South African corn prices will break fresh multi-year lows in the coming months, as the harvest bounces back after two years of drought, grain industry body AgBiz said.
But prices could rebound strongly by the end of the year, with El Nino risk and rapid regional demand setting the stage for a potentially rally.
AgBiz noted the recent upgrade to South African harvest prospects by the USDA, which forecast the corn crop at 14.6m tonnes, up 12% from the previous month's forecast, and up 78% year-on-year.
"The increase in corn production comes on the back of an increase in area plantings, and higher expected yields due to favourable weather condition," AgBiz said.
Prices to fall in coming months
AgBiz forecast yellow corn prices to average 1,912.65 rand a tonne in July.
Front-month yellow corn futures in South Africa are currently trading around 2,180 rand a tonne, just above the low of 2,100 a tonne reached two weeks ago.
July yellow corn futures are currently trading at 1,952 rand.

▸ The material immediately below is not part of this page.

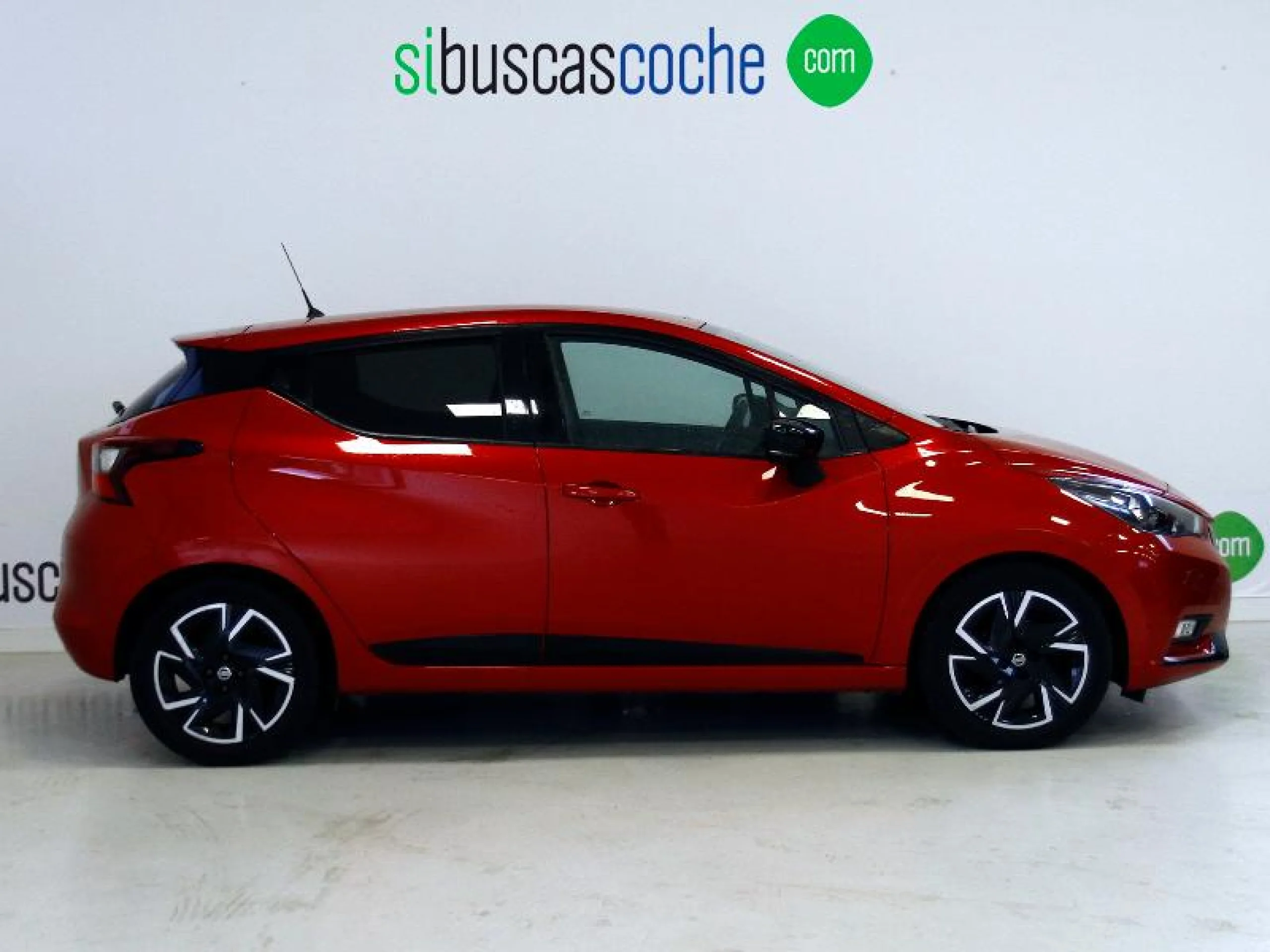 NISSAN MICRA IG T 68 KW (92 CV) CVT N DESIGN CHROME - Foto 3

"White corn prices also follow a similar trend," AgBiz said, forecasting prices to average 1,941.81 a tonne in July.
This is well below front-month white corn prices, currently trading at 2,120 rand a tonne, although July futures are trading at 1,846.00 rand a tonne.
"Toward the latter part of the year, we see prices gaining traction, especially as we enter the 2018-19 season, with risks of El Nino weather pattern part of our forecast," AgBiz said.
An El Nino event, if one manifests, could cause dryer weather for the 2018-19 season, as it did for the previous harvest.
"We will revise this forecast as developments on the weather front unfold, as risks to El Nino change," AgBiz said.
AgBiz saw yellow corn prices potentially breaking back of 2,500 rand a tonne by the start of next calender year.
Currency effect to ease
Given the fact that South Africa will cease needing large corn imports following the harvest, the correlation between the rand and corn prices will ease, said Wandile Sihlobo, lead economist at AgBiz.
The rand is currently pushing two-year highs against the dollar, making imports cheaper, and weighing on prices.
"The dollar rand exchange correlation gets to be only stronger when we are net-importing," Mr Sihlobo told Agrimoney.
"It will only come in to play when we start to be importers again."
Rising regional demand
Mr Sihlobo also noted the potential boost from regional import demand.
Production in many of South Africa's neighbours has been devastated by the regional armyworm epidemic.
Many regional growers are not in line for strong harvests, which will increase demand for imports, Mr Sihlobo said.
"Zimbabwe are not in good shape," he noted, with "a large part of the crop still suffers with the armyworm."
"Around about 11% of the crop has been effected buy armyworm."
Mr Sihlobo also pointed to demand from Botswana, Swaziland, and Lesotho.
"South African corn markets will benefit from that," he said.